Exercise aim → Exclude the pictures and set down, unaltered, the lines from the one that holds "Shenwu Tianzun Chapter" through the end of the data.

§

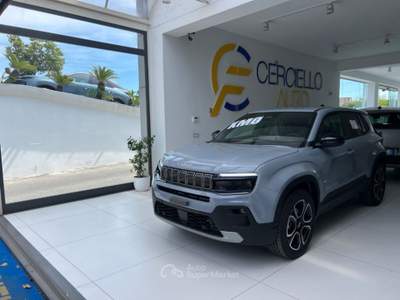 Jeep Avenger 1.2 Turbo 110 CV MHEV Summit da€309,0 Grigio usata Somma Vesuviana Jeep Avenger 1.2 Turbo 110 CV MHEV Summit da€309,0 Grigio usata Somma Vesuviana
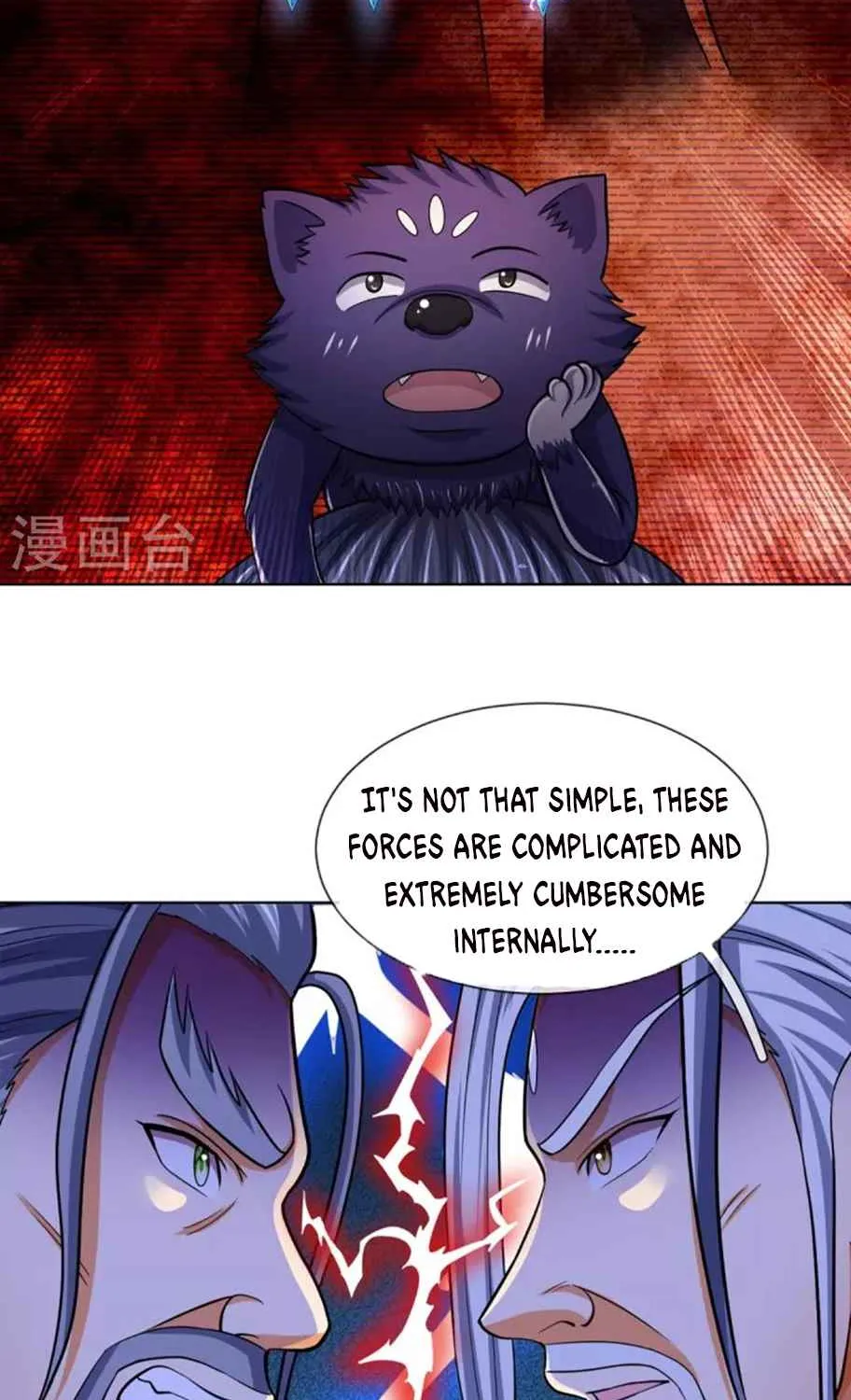 Shenwu Tianzun Chapter 450 page 18 - 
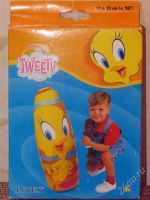 Лот: 2095663. Фото: 2. Груша-неваляшка надувная "Цыплёнок... Игрушки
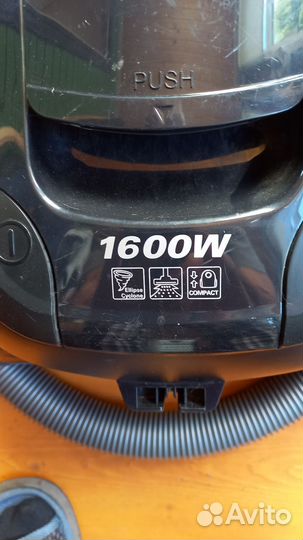 Пылесос LG1600W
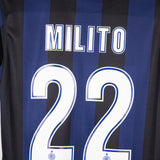 Inter Milan 2013-14 Milito Home Kit (M)
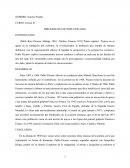 BIBLIOGRAFIA DE PABLO PICASSO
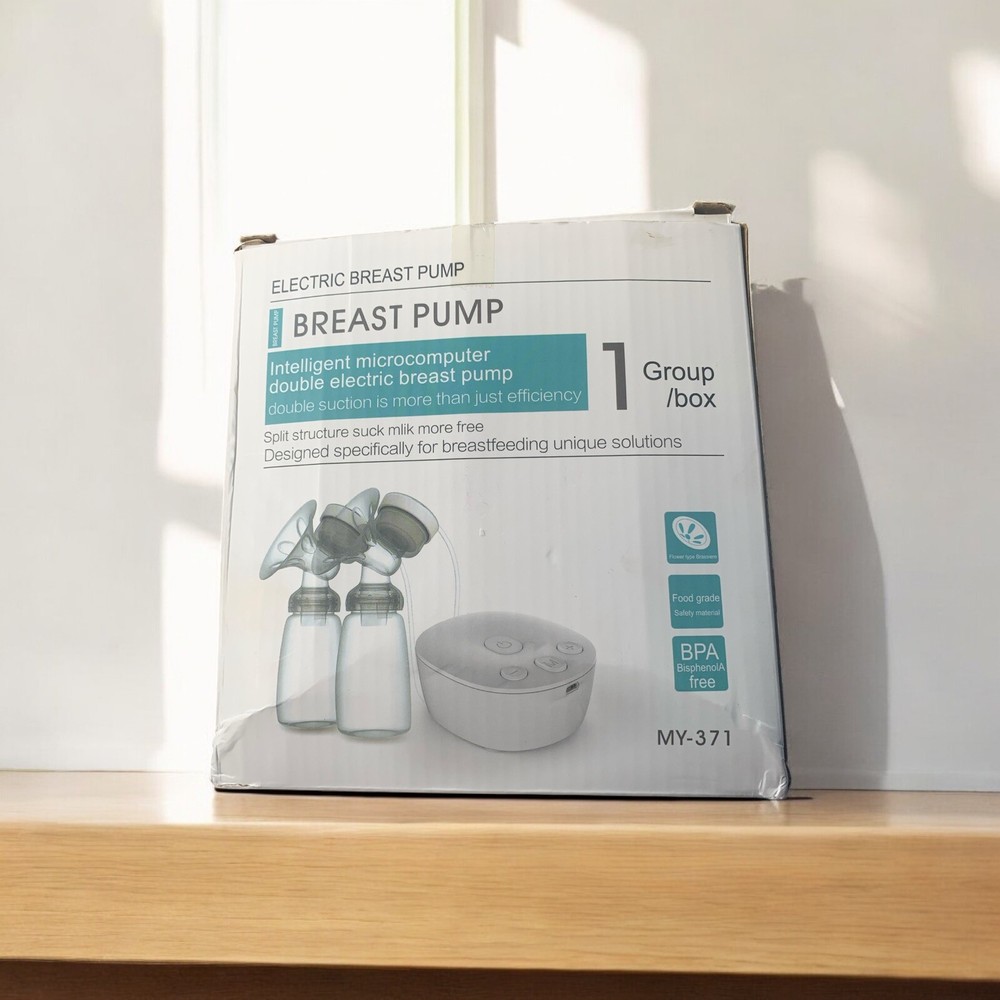 Hello Mom Microcomputer Double Electric Breast Pump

§

Output of the task →
 Shenwu Tianzun Chapter 450 page 18 - 
 Лот: 2095663. Фото: 2. Груша-неваляшка надувная "Цыплёнок... Игрушки
 Пылесос LG1600W
 Inter Milan 2013-14 Milito Home Kit (M)
 BIBLIOGRAFIA DE PABLO PICASSO
 Hello Mom Microcomputer Double Electric Breast Pump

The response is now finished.